Please give again every entry exactly as it appears, setting aside the pictures.

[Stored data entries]

--*--

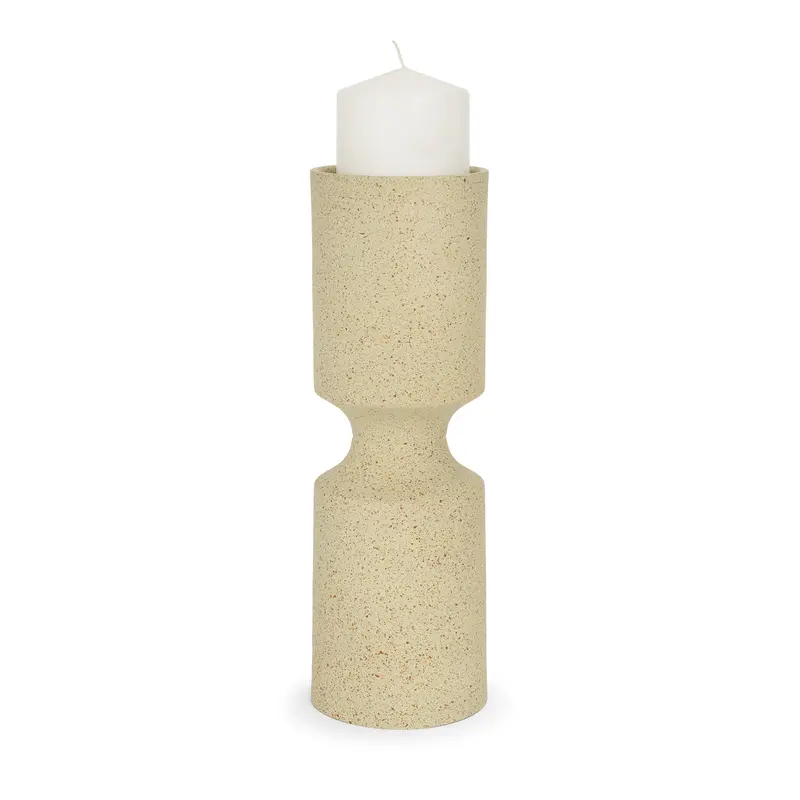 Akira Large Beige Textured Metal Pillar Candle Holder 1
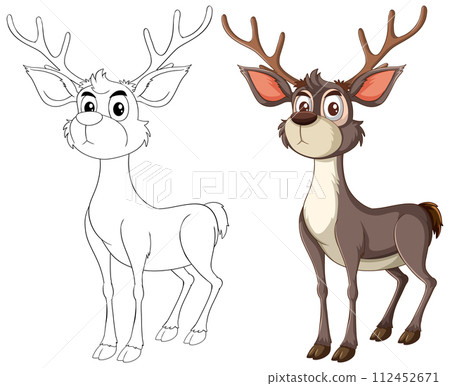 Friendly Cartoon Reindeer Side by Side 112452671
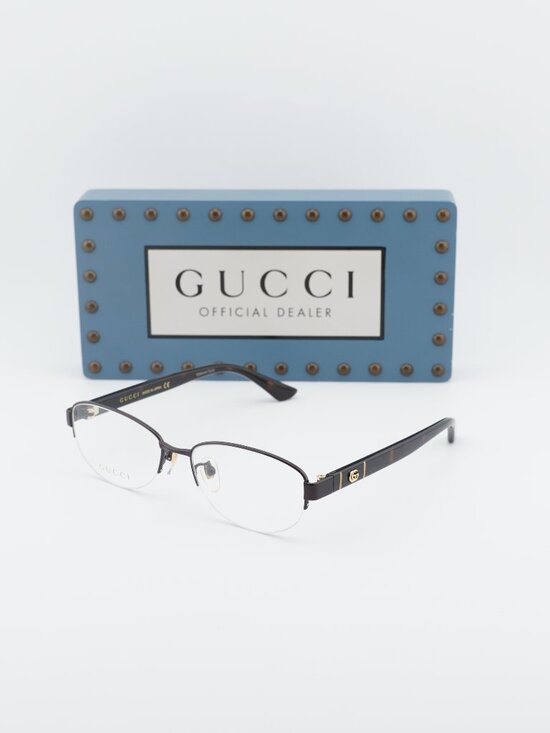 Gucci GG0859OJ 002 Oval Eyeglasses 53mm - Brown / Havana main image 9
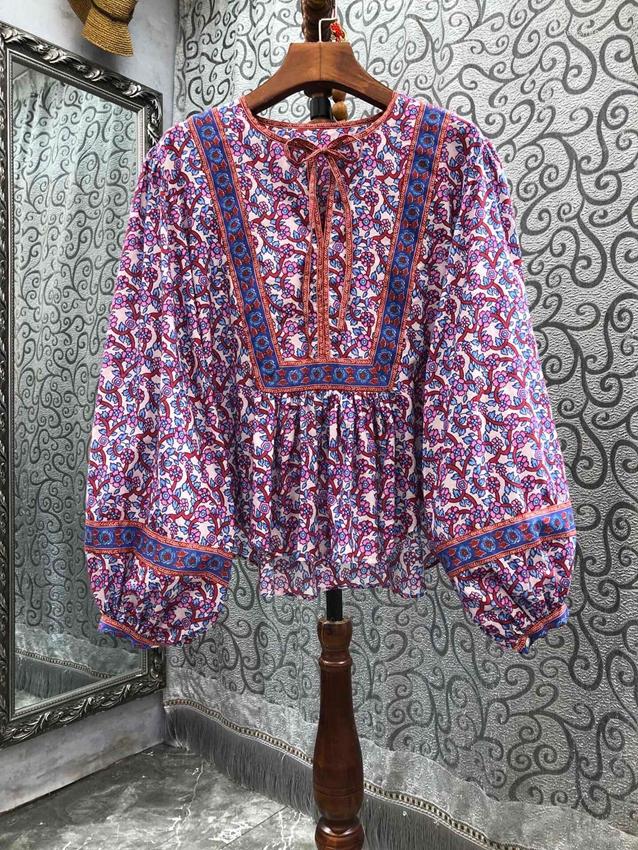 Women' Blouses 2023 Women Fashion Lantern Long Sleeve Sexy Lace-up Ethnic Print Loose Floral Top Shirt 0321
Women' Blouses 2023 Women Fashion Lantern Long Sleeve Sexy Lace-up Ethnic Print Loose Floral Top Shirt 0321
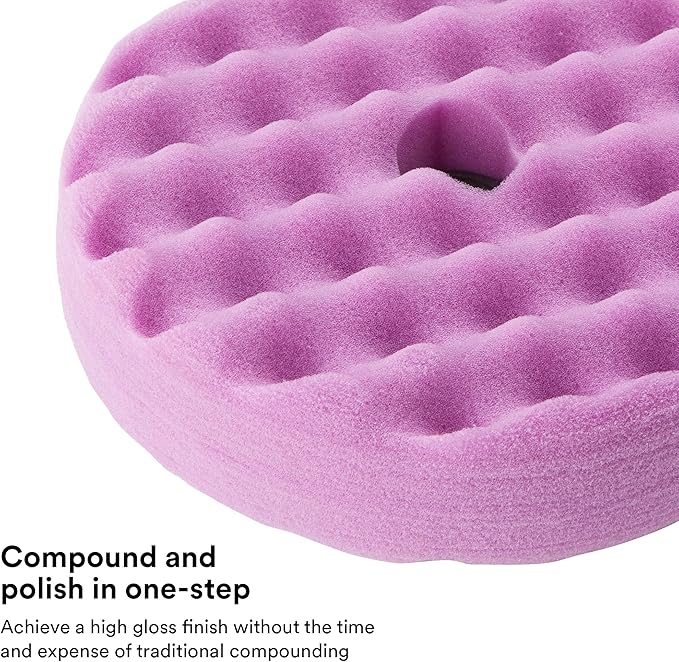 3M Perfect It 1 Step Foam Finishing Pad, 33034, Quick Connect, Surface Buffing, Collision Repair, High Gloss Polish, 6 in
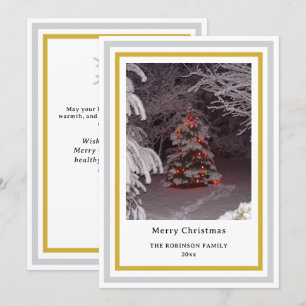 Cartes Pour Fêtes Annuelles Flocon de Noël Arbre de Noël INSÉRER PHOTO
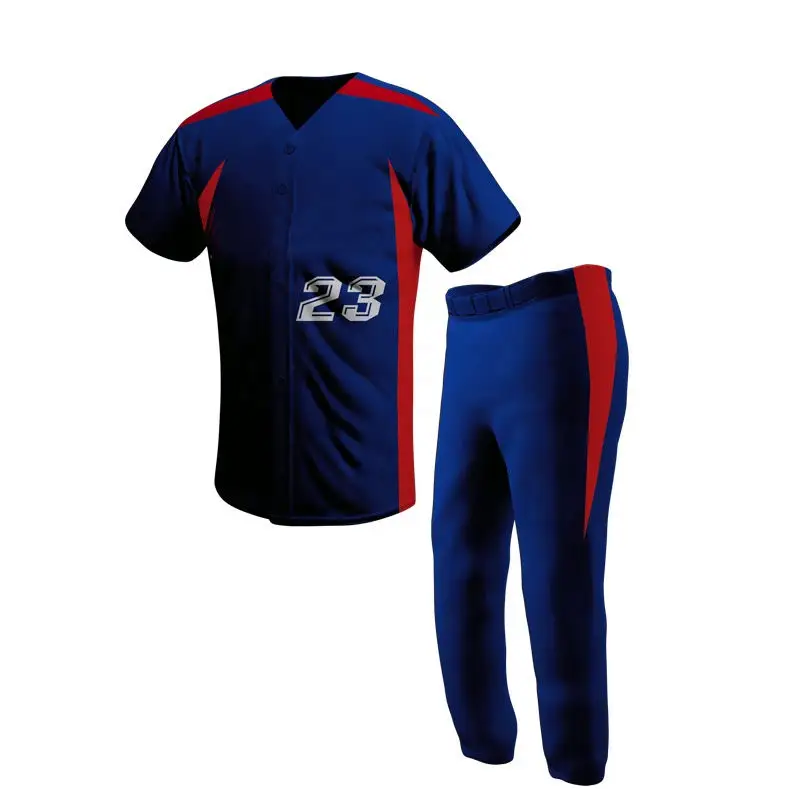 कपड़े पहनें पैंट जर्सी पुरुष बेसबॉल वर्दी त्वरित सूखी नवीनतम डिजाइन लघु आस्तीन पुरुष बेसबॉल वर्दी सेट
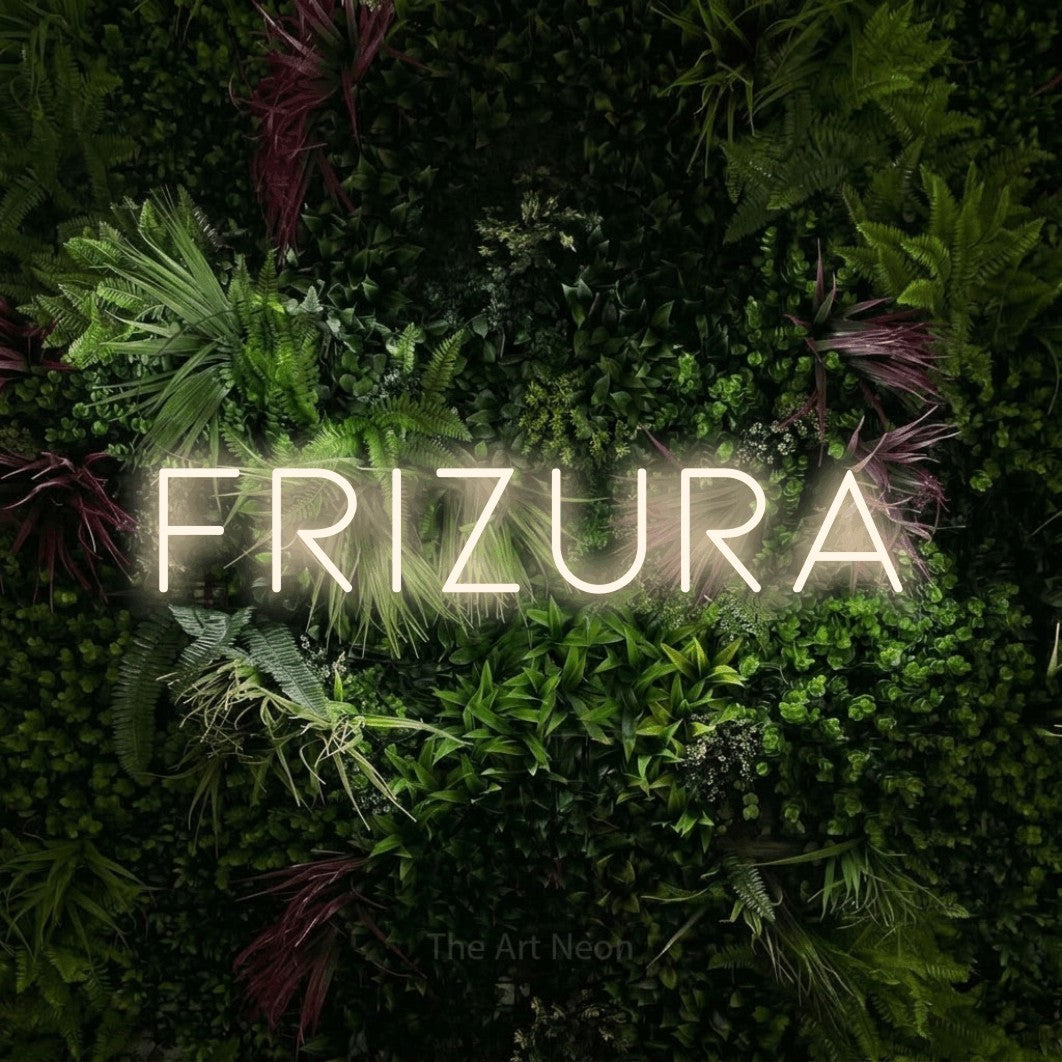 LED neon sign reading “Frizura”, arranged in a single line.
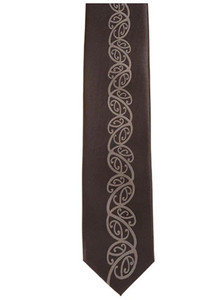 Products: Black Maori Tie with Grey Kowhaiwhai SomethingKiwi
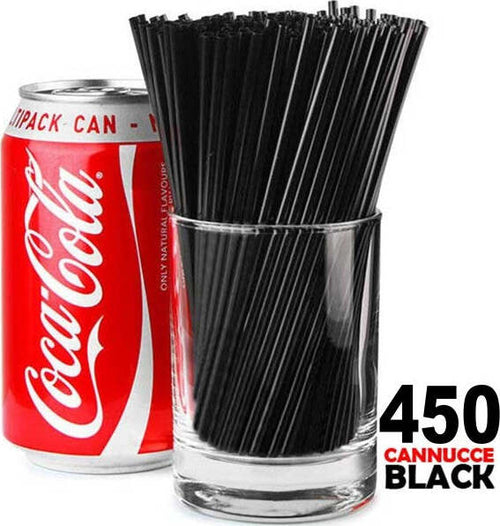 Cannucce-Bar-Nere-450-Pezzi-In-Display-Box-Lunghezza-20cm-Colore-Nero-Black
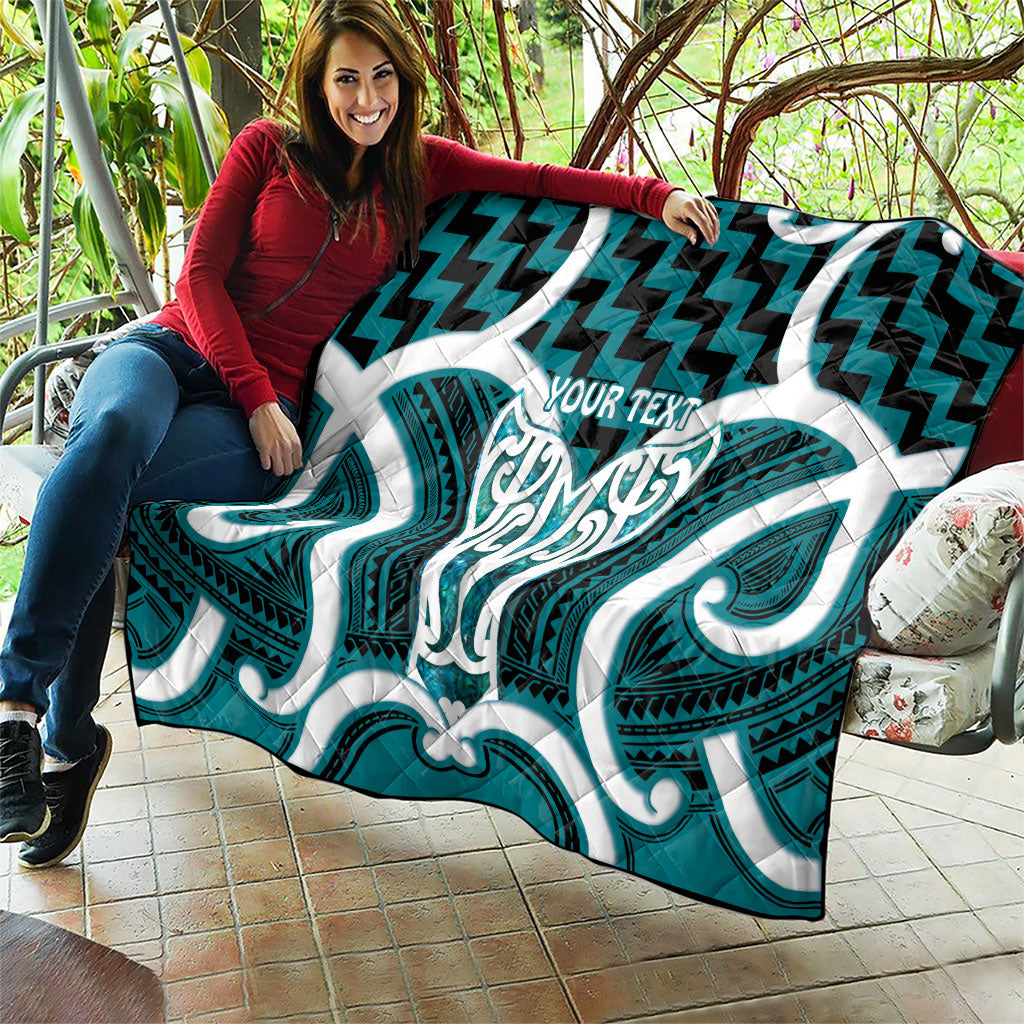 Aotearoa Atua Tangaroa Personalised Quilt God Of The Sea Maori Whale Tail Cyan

--*--

**Task output**
 Akira Large Beige Textured Metal Pillar Candle Holder 1
 Friendly Cartoon Reindeer Side by Side 112452671
 Gucci GG0859OJ 002 Oval Eyeglasses 53mm - Brown / Havana main image 9
 Women' Blouses 2023 Women Fashion Lantern Long Sleeve Sexy Lace-up Ethnic Print Loose Floral Top Shirt 0321
Women' Blouses 2023 Women Fashion Lantern Long Sleeve Sexy Lace-up Ethnic Print Loose Floral Top Shirt 0321
 3M Perfect It 1 Step Foam Finishing Pad, 33034, Quick Connect, Surface Buffing, Collision Repair, High Gloss Polish, 6 in
 Cartes Pour Fêtes Annuelles Flocon de Noël Arbre de Noël INSÉRER PHOTO
 कपड़े पहनें पैंट जर्सी पुरुष बेसबॉल वर्दी त्वरित सूखी नवीनतम डिजाइन लघु आस्तीन पुरुष बेसबॉल वर्दी सेट
 LED neon sign reading “Frizura”, arranged in a single line.
 Products: Black Maori Tie with Grey Kowhaiwhai SomethingKiwi
 Cannucce-Bar-Nere-450-Pezzi-In-Display-Box-Lunghezza-20cm-Colore-Nero-Black
 Aotearoa Atua Tangaroa Personalised Quilt God Of The Sea Maori Whale Tail Cyan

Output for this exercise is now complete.